La señora Xia entró en la sala como si aquel hospital también perteneciera a su familia.
Detrás de ella, las dos asistentes avanzaron.
—Bájala de ahí —ordenó.
El médico se interpuso inmediatamente.
—Señora, nadie va a tocar a mi paciente sin su consentimiento.
La señora Xia lo fulminó con la mirada.
—¿Sabe quién soy?
—Aquí eso no importa.
Señaló la puerta.
—Importa lo que decida la paciente.
Por primera vez desde que había entrado, alguien había pronunciado exactamente lo que yo necesitaba escuchar.
Mi decisión.
No la de Xia Wenzhou.
No la de su madre.
No la de Gu Mingyan.
La mía.
La señora Xia me señaló.
—¡Esos niños llevan la sangre de nuestra familia!
Solté una carcajada fría.
—Qué curioso.
—¿Qué quieres decir?
—Cuando era su nuera, usted repetía que yo no merecía pertenecer a los Xia.
Me incorporé lentamente.
—Ahora que estoy divorciada, de repente mi embarazo sí pertenece a su familia.
Su rostro se endureció.
—No confundas las cosas.
—Las veo más claras que nunca.
Xia Wenzhou dio un paso hacia mí.
—Qingli, por favor.
Lo miré sorprendida.
¿Xia Wenzhou acababa de decir “por favor”?
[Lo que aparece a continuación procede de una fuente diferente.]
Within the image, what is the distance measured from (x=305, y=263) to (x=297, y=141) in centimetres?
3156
Durante tres años de matrimonio jamás lo había escuchado suplicar.
—Dame unos días —continuó—. No tomes ninguna decisión mientras estás enfadada conmigo.
—No estoy enfadada.
—Entonces, ¿por qué haces esto?
—Porque estoy cansada.
Mi voz salió mucho más tranquila de lo que esperaba.
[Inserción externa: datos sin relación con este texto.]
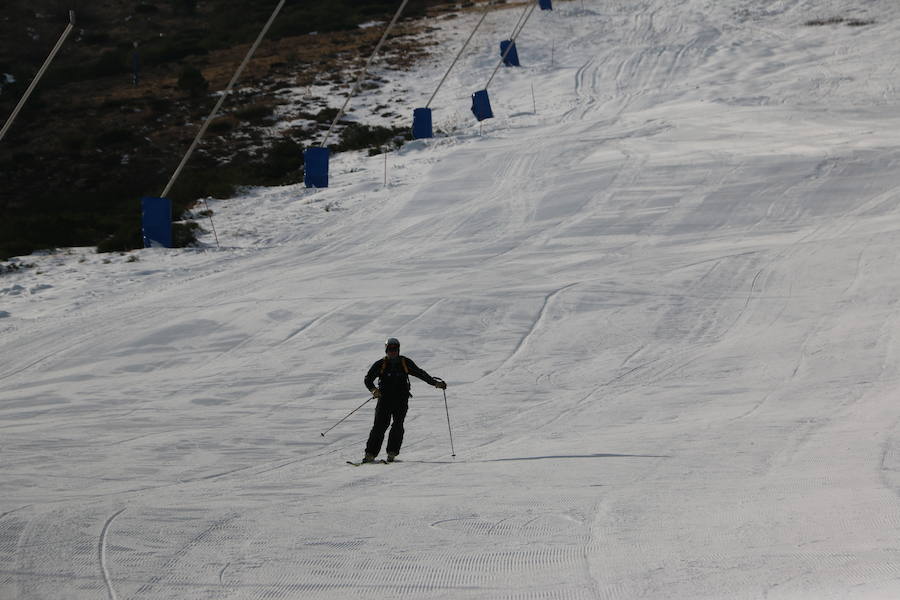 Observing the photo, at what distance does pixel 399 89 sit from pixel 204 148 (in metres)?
7.96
—Cansada de que todos ustedes decidan qué debo soportar, dónde debo vivir y cuándo debo callarme.
Gu Mingyan intervino suavemente:
—Hermana Qingli, quizá todo esto sea un malentendido.
La miré.
—Perfecto.
Sus ojos parpadearon.
—¿Qué?
—Explícamelo.
Señalé la caja que llevaba.
—Empieza por el vestido de novia.
Gu Mingyan palideció.
Xia Wenzhou cerró los ojos.
Y entonces comprendí que había algo más.
—¿Qué pasa?
Nadie respondió.
—Wenzhou.
Lo llamé por su nombre.
—¿Qué no sé?
Gu Mingyan apretó la caja contra el pecho.
La señora Xia habló primero.
—No tenemos por qué explicarte asuntos de nuestra familia.
Me reí.
—Excelente.
Tomé mi bolso.
—Entonces tampoco tienen derecho a exigirme explicaciones sobre mi vida.
Bajé de la mesa.
Xia Wenzhou pareció respirar aliviado.
—Nos vamos.
—No.
Se detuvo.
—¿Qué?
—Yo me voy.
Me dirigí al médico.
—Quiero posponerlo. Necesito decidir con tranquilidad y sin todas estas personas presionándome.
El médico asintió.
—Por supuesto.
Xia Wenzhou intentó acercarse.
Levanté una mano.
—Tú no vienes conmigo.
—Qingli…
—Mi abogado se pondrá en contacto contigo si hace falta.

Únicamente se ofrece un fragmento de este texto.